#### Exercise details
Emit only the lines from the line containing "Vintage Late 20th" through the last line of the entries, unchanged.

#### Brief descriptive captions
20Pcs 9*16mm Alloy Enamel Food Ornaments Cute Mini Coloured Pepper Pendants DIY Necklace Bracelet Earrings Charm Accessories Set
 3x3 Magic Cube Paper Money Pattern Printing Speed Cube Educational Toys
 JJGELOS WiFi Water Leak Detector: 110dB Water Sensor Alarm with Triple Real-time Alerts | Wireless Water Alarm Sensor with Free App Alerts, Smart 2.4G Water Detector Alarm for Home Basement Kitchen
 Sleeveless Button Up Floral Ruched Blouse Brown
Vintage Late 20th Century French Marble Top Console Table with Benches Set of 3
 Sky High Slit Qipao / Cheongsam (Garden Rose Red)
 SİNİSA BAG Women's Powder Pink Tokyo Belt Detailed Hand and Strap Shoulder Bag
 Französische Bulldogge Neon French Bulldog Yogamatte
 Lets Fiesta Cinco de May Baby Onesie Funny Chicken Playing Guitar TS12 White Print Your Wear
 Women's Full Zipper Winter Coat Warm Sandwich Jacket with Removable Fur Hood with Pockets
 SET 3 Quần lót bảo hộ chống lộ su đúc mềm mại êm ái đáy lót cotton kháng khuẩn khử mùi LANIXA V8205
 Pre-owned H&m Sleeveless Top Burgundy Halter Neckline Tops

#### Output for this task
Vintage Late 20th Century French Marble Top Console Table with Benches Set of 3
 Sky High Slit Qipao / Cheongsam (Garden Rose Red)
 SİNİSA BAG Women's Powder Pink Tokyo Belt Detailed Hand and Strap Shoulder Bag
 Französische Bulldogge Neon French Bulldog Yogamatte
 Lets Fiesta Cinco de May Baby Onesie Funny Chicken Playing Guitar TS12 White Print Your Wear
 Women's Full Zipper Winter Coat Warm Sandwich Jacket with Removable Fur Hood with Pockets
 SET 3 Quần lót bảo hộ chống lộ su đúc mềm mại êm ái đáy lót cotton kháng khuẩn khử mùi LANIXA V8205
 Pre-owned H&m Sleeveless Top Burgundy Halter Neckline Tops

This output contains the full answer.